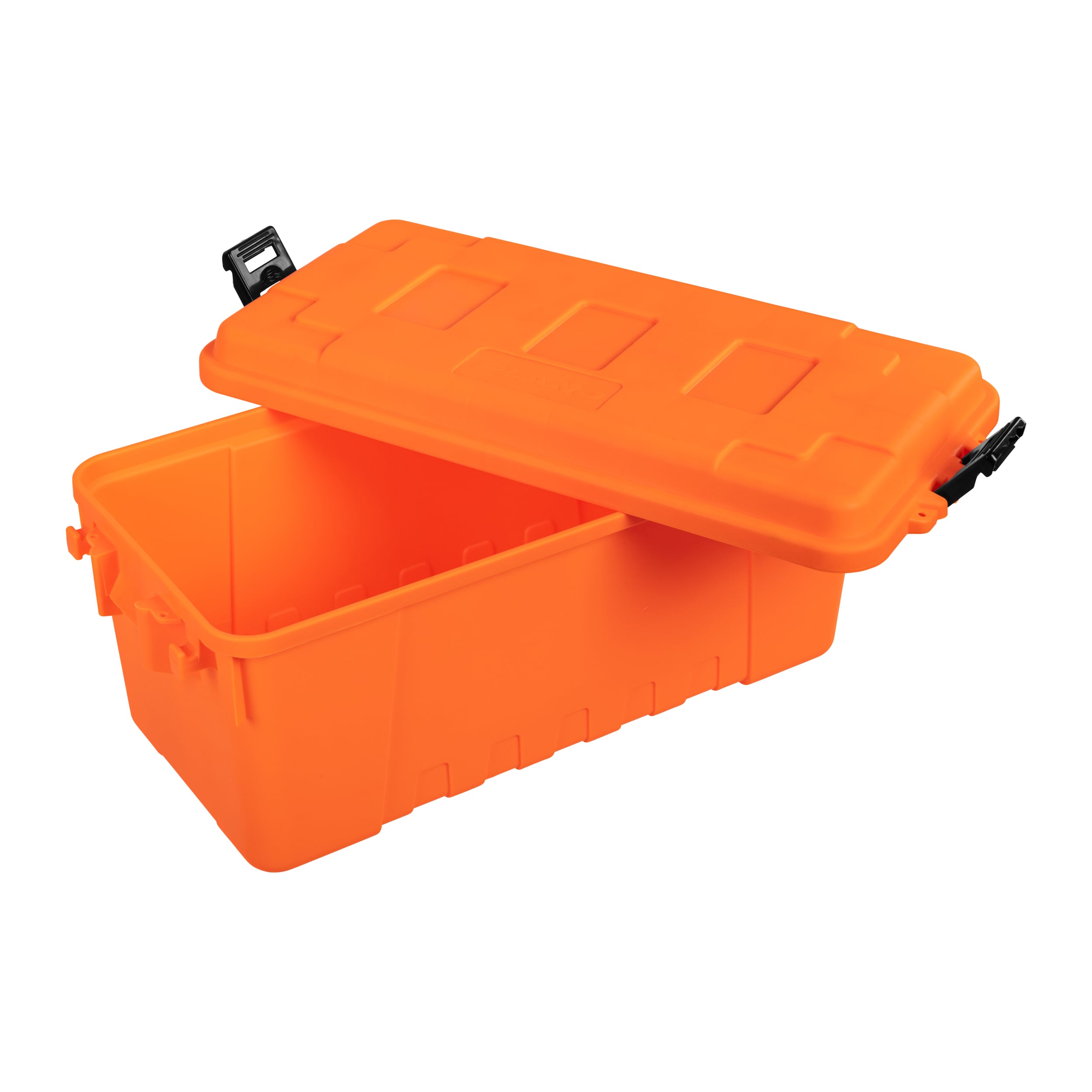 Plano Sportsman's Trunk Medium szállítódoboz 64 l - Blaze Orange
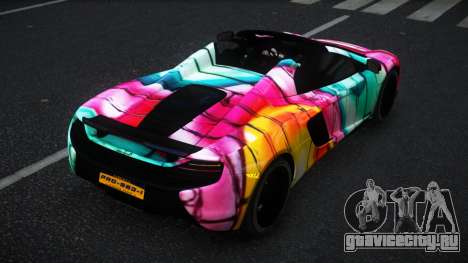 McLaren 650S Ferave S13 для GTA 4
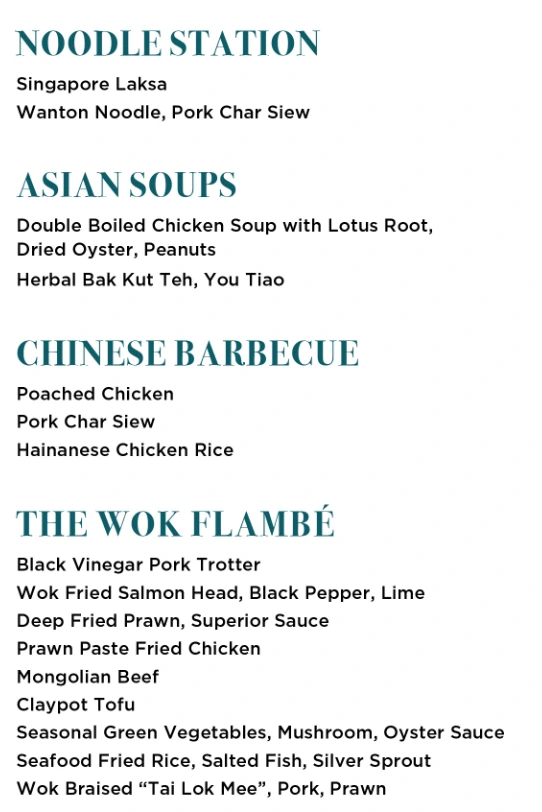 BEACH ROAD KITCHEN NOODLES AND BBQ MENU 2024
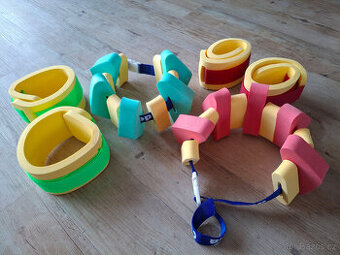 Plavecký pás a rukávky Dena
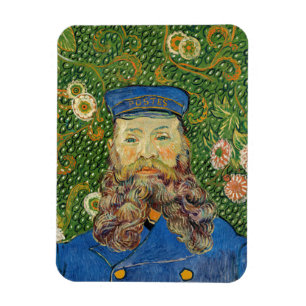Vincent Van Gogh - Postbote Joseph Roulin Magnet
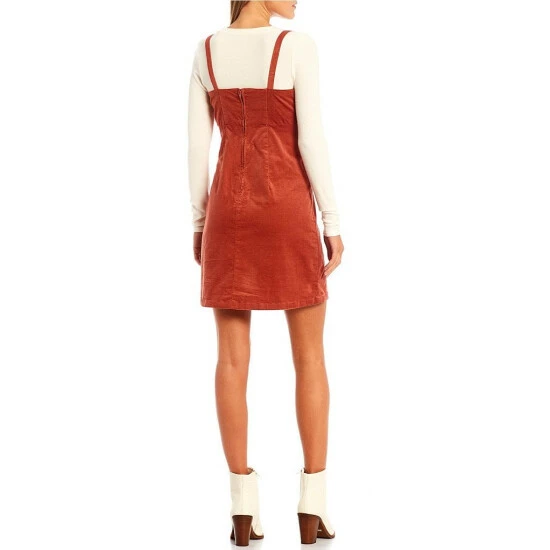 Buy โญ Copper Key Corduroy Pinafore ๐ Dress Forest ๐ - Image 2
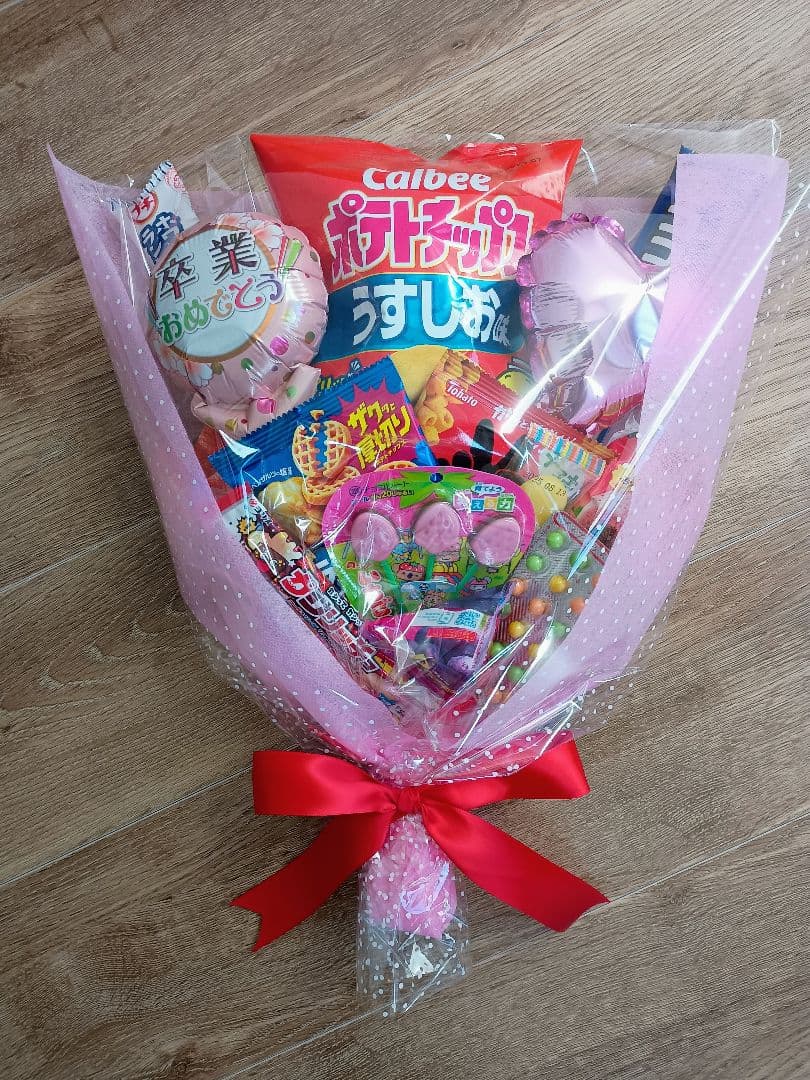 お菓子バルーンブーケ☆mima✿︎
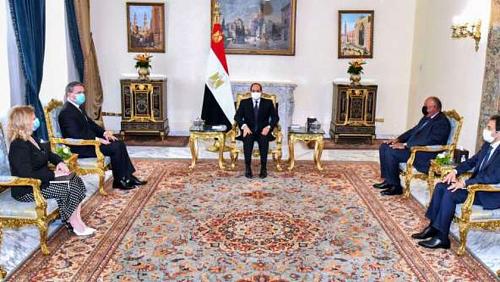 Sisi receives Serbian Foreign Minister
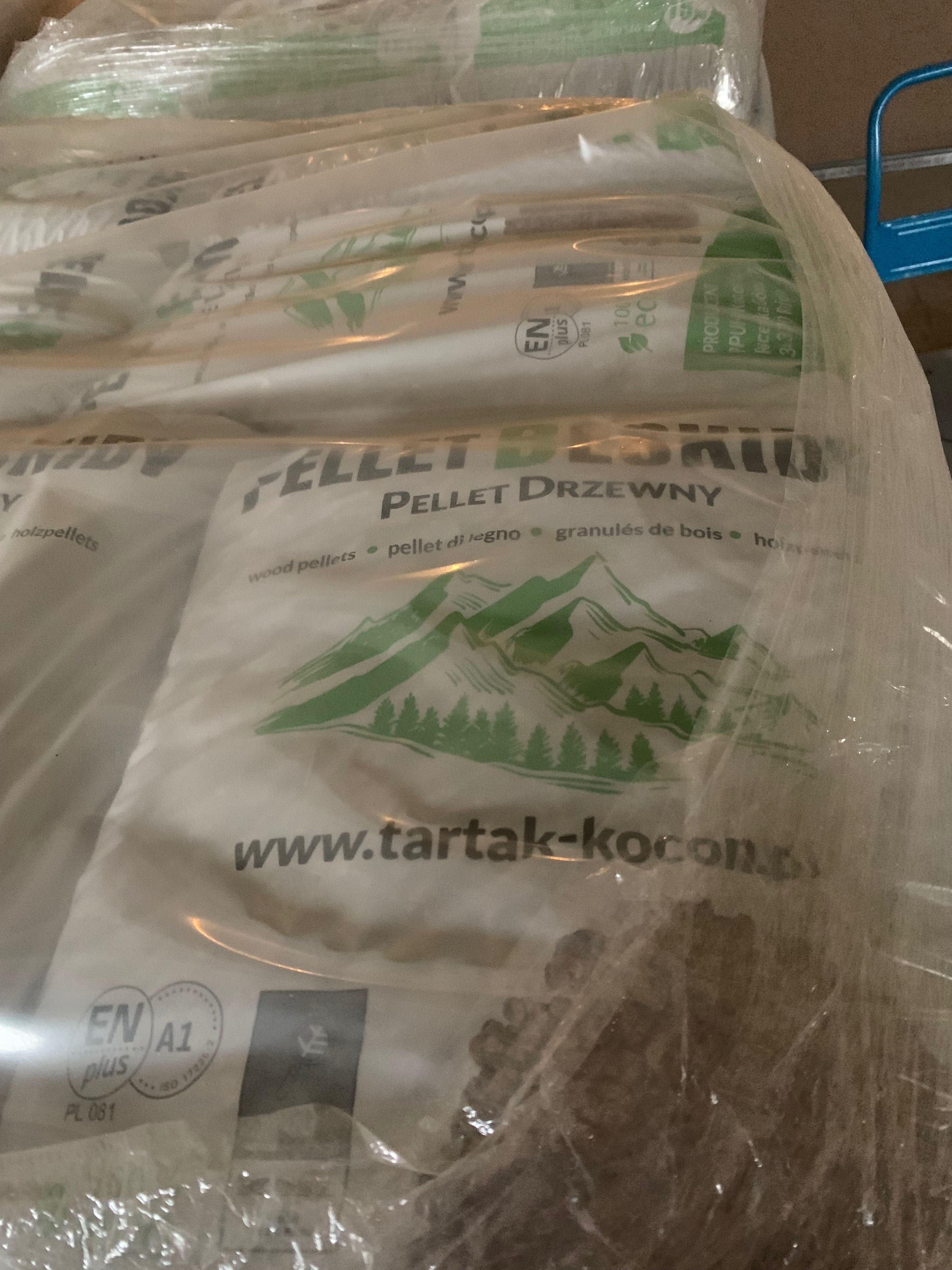 Wysokiej jakości Pellet bez lepiszczy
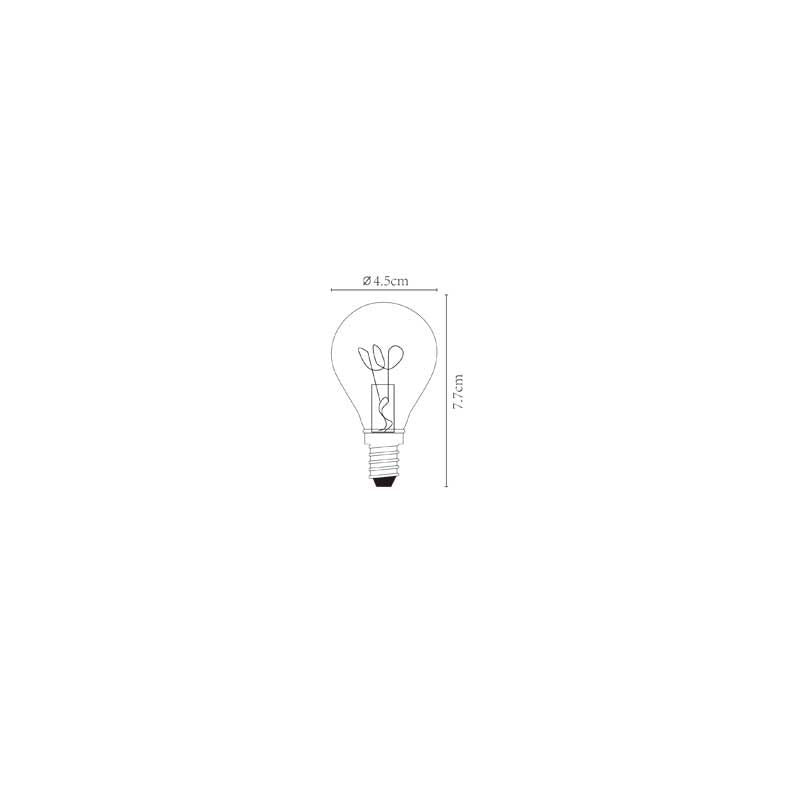 Lampada LED Tsong E27 10.5W 3000K 1521 lumen 220-240V IP20 fascio 120° senza sfarfallio oro opaco CE RoHS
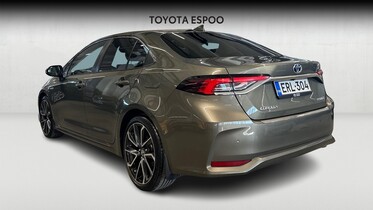 Toyota Corolla vaihtoauto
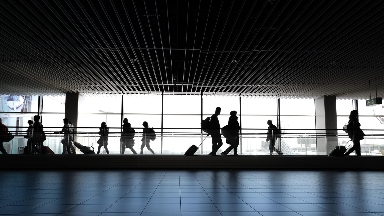 Әуежайда жөндеу жұмыстары: рейстер уақыты өзгерді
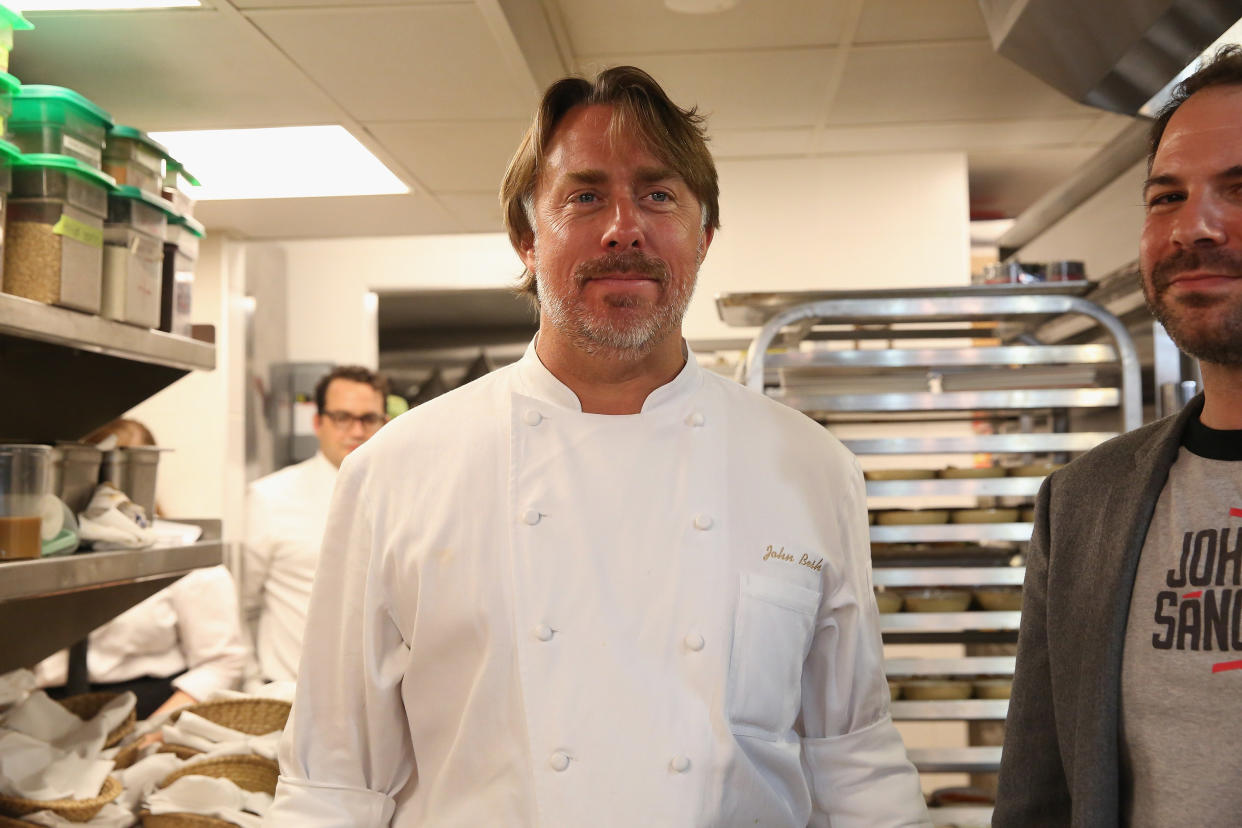 Chef John Besh stepped down from his restaurant group after 25 former and current employees complained of sexual harassment at the company.&nbsp; (Photo: Mireya Acierto via Getty Images)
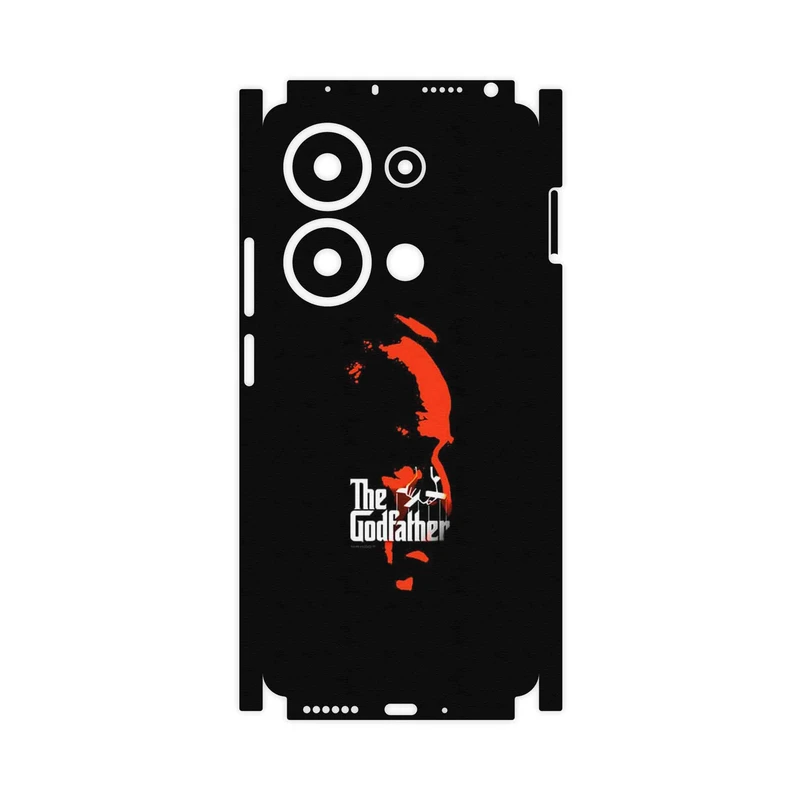 برچسب پوششی ماهوت مدل The_Godfather-FullSkin مناسب برای گوشی موبایل شیائومی Poco M6 Pro 4G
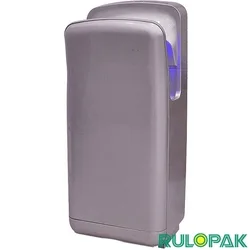 Rulopak - Rulopak Elektrikli Kule Tipi Dikey El Kurutma Makinesi, Gümüş Renkli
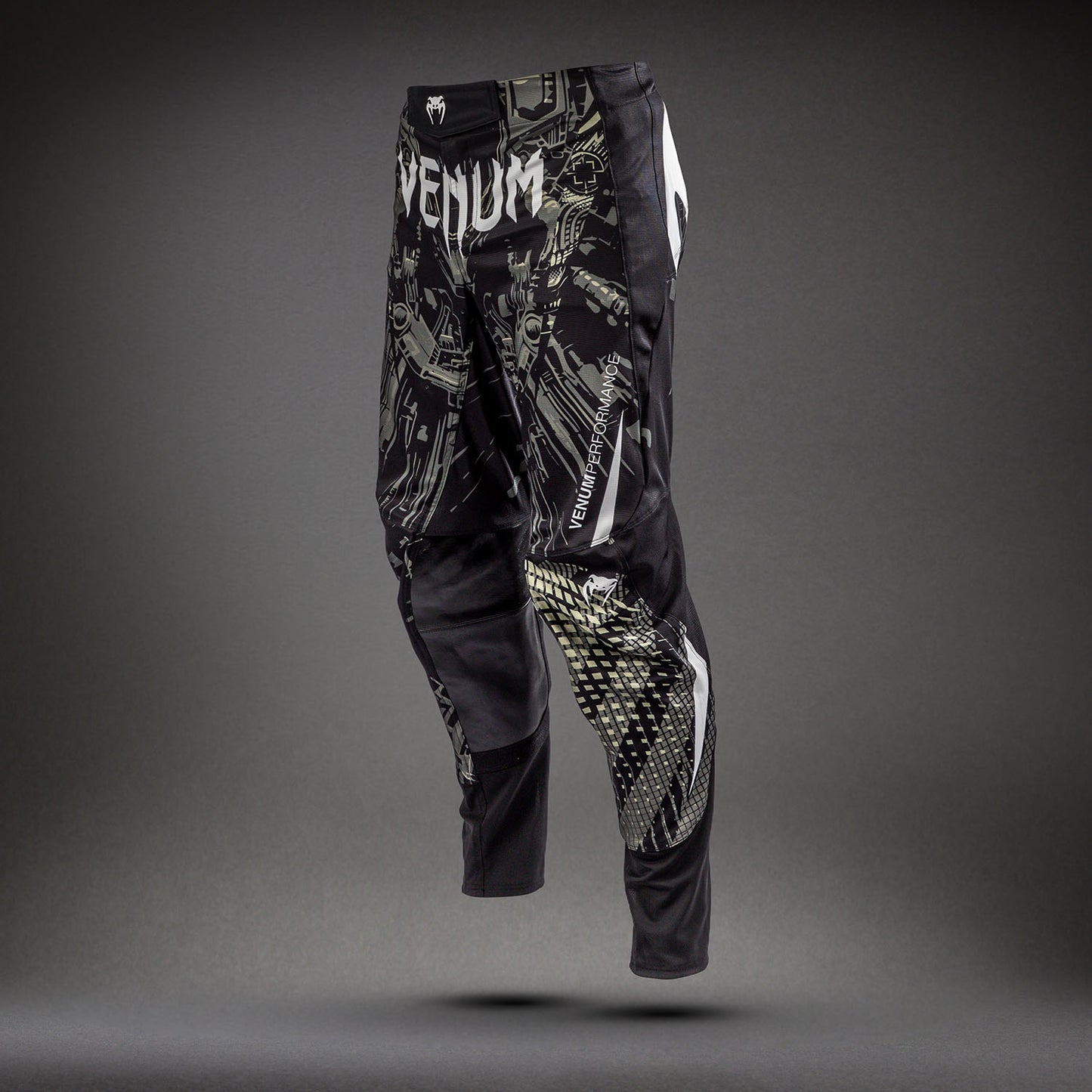 Venum MX Elite Motorsports-Hose - Schwarz/Sand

:: Problem statement ::
All of the records must come back exactly as they stand, minus every picture.

:: Answer box ::
 Plano Sportsman's Trunk Medium szállítódoboz 64 l - Blaze Orange
 McLaren 650S Ferave S13 для GTA 4
 BEACH ROAD KITCHEN NOODLES AND BBQ MENU 2024
 Plavecký pás a rukávky Dena
Vincent Van Gogh - Postbote Joseph Roulin Magnet
 Buy โญ Copper Key Corduroy Pinafore ๐ Dress Forest ๐ - Image 2
 お菓子バルーンブーケ☆mima✿︎
 Sisi receives Serbian Foreign Minister
 Wysokiej jakości Pellet bez lepiszczy
 Lampada LED Tsong E27 10.5W 3000K 1521 lumen 220-240V IP20 fascio 120° senza sfarfallio oro opaco CE RoHS
 Toyota Corolla vaihtoauto
 Әуежайда жөндеу жұмыстары: рейстер уақыты өзгерді
 Chef John Besh stepped down from his restaurant group after 25 former and current employees complained of sexual harassment at the company.&nbsp; (Photo: Mireya Acierto via Getty Images)
 برچسب پوششی ماهوت مدل The_Godfather-FullSkin مناسب برای گوشی موبایل شیائومی Poco M6 Pro 4G
 Rulopak - Rulopak Elektrikli Kule Tipi Dikey El Kurutma Makinesi, Gümüş Renkli
 Venum MX Elite Motorsports-Hose - Schwarz/Sand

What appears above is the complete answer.